THE DATA Block Start

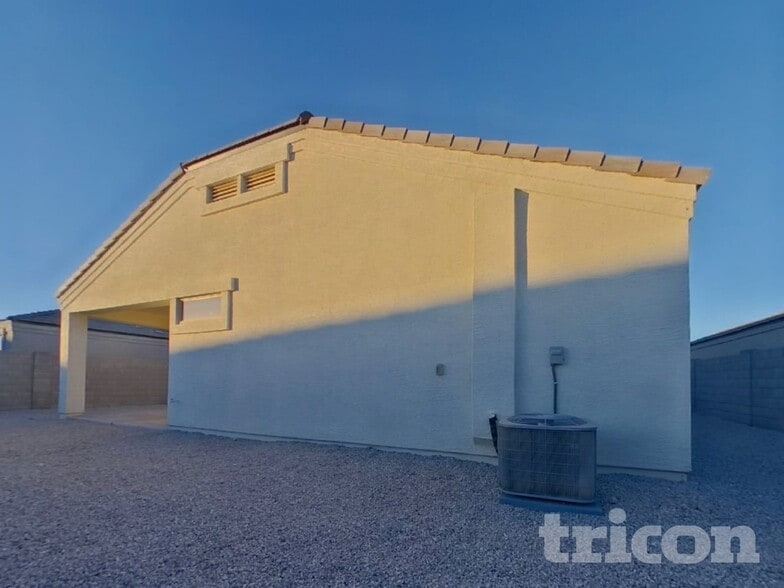 Building Photo - 30094 W Clarendon Ave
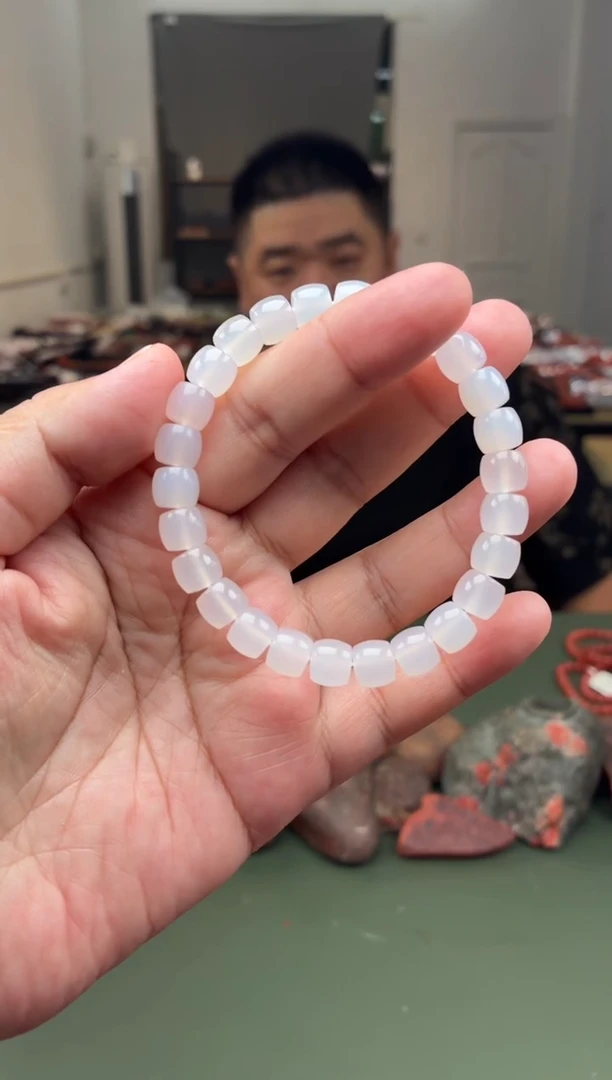 玛瑙/玉髓手串未镶嵌荔枝冻单圈手串一条约8mm多样性发货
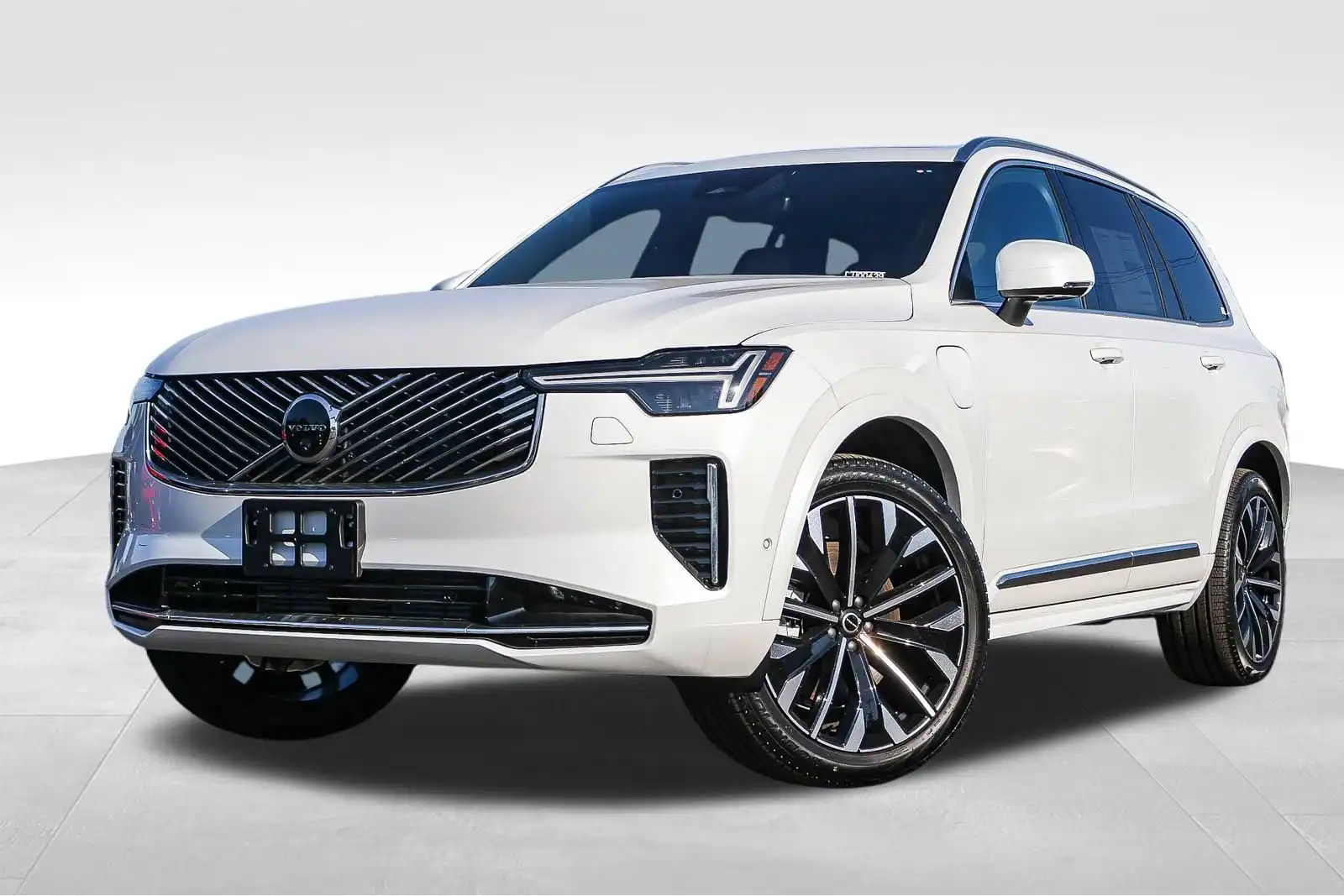 2026 Volvo XC90 T8 Recharge Plus Bright 7-Seater AWD's photo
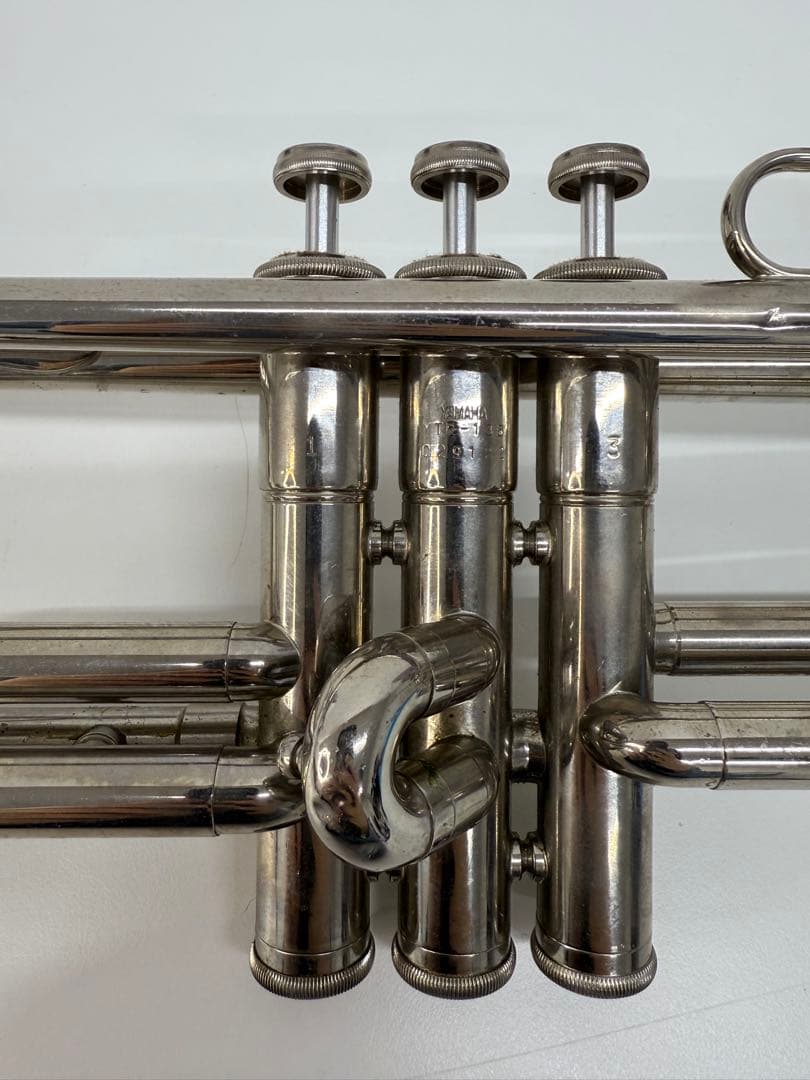 シルバー トランペット バルブ式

THE DATA Block End

_EXERCISE OBJECTIVE:_
Beginning with the line that contains "玛瑙/玉髓手串未镶嵌荔枝冻单圈手串一条约8mm多样性发货" and ending with the last line of the data, transcribe each line exactly; pictures stay out.

_OUTPUT OF THE EXERCISE:_
 玛瑙/玉髓手串未镶嵌荔枝冻单圈手串一条约8mm多样性发货
 2026 Volvo XC90 T8 Recharge Plus Bright 7-Seater AWD's photo
 シルバー トランペット バルブ式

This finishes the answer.